While organisations don’t want employees who all think in the same way, it is important that any new member of staff fits in well with the rest of their team. It’s important that you find candidates with similar ethics and ideals as this can be a good indicator that the candidate’s personality and values will blend well with their potential colleagues.
Rejecting overqualified candidates
When screening candidate CVs, it can be tempting to remove candidates who exceed the required experience, labeling them as ‘overqualified’. However, taking on someone with more experience and extra skills has its advantages and can often outweigh possible downsides.
Not checking references
Not taking the time to check a candidate’s references leaves you to rely solely on the candidate’s view of themselves, which can be accidentally or deliberately misrepresentative.
Vague job descriptions
Creating a quick and basic job description might seem like a good way to save time, but cutting corners like this can actually cause more work for yourself in the long run. Vague and imprecise job descriptions can make the initial screening process lengthy and time-consuming as you will have much more applicants with many being unsuitable for the role.
Not selling the job
With so many job seekers around looking for work, it can be easy to assume that anyone would be happy to work for them and that they don’t need to ‘sell’ the role or organisation. In reality, there is plenty of competition also looking for the very best candidates particularly in niche areas. And even if they don’t end up with the job, a positive experience with you could lead to an excellent potential advocate or supporter for your organisation.

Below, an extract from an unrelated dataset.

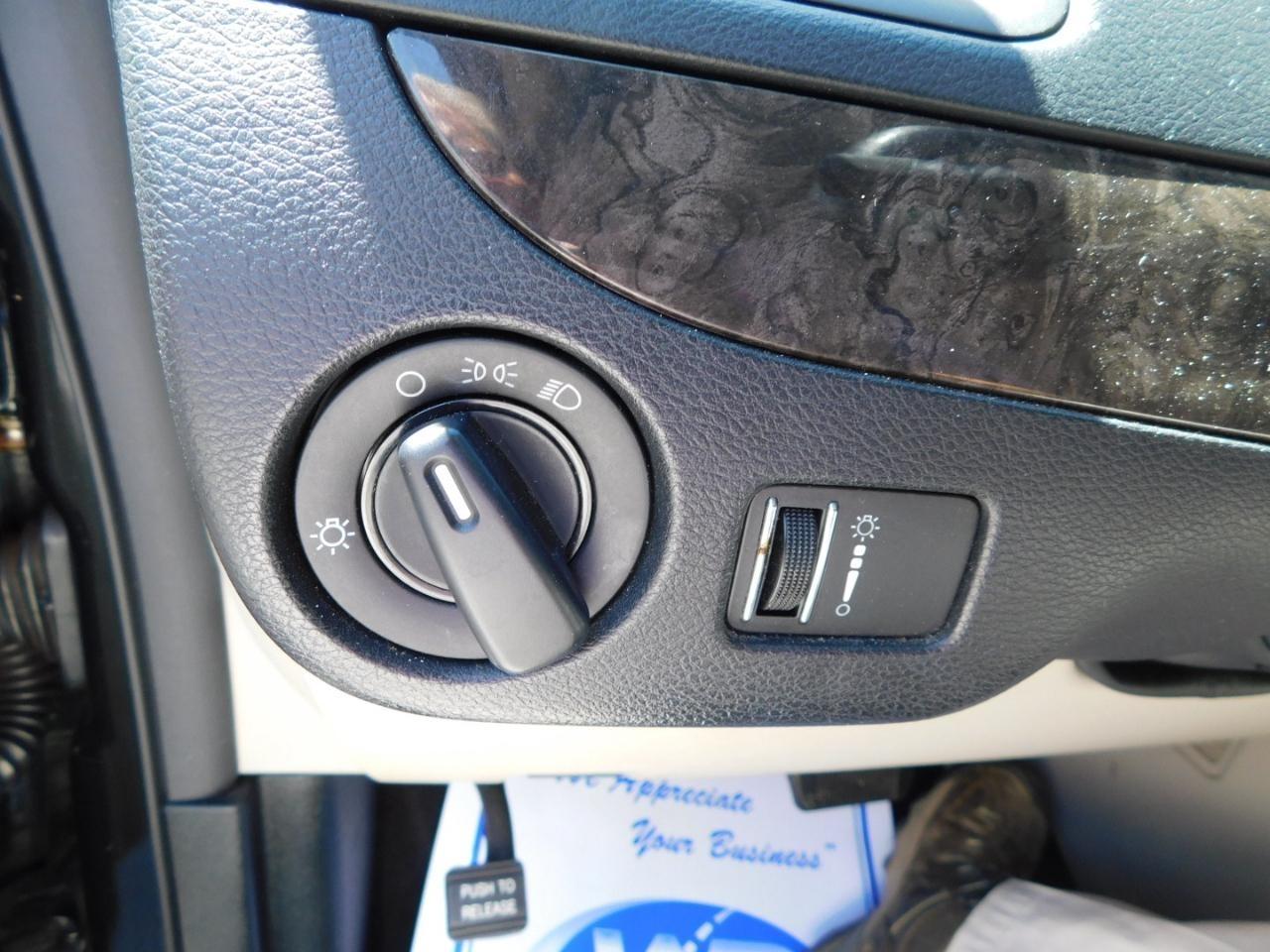 Dodge Grand Caravan  2011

Waiting for the Perfect Candidate
In recruitment terminology, the perfect candidate is often referred to as a ‘purple squirrel’ and this is because of just how rare the ‘perfect candidate’ is. You may have an idea of the ideal candidate in mind and especially in a candidate-rich market, you may think that there must be a jobseeker out there who matches every requirement and you only have to find them.
However, instead of waiting for that perfect candidate, who may not exist, find candidates that meet most of your key requirements and who fit the company culture. Training up a candidate to have those extra requirements builds loyalty and productivity, and they might have other qualities and experience that can come in useful in the future.
Not supplying feedback
This is probably the most common mistake made, although it may be difficult to devote time to candidates who have not made it through the interview process it is important to keep good relationships with candidates. As well as simply being polite, taking the time to give feedback to a rejected candidate can benefit your recruitment process and brand as a lack of feedback can lead these rejected candidates to potentially avoid applying through your service in the future.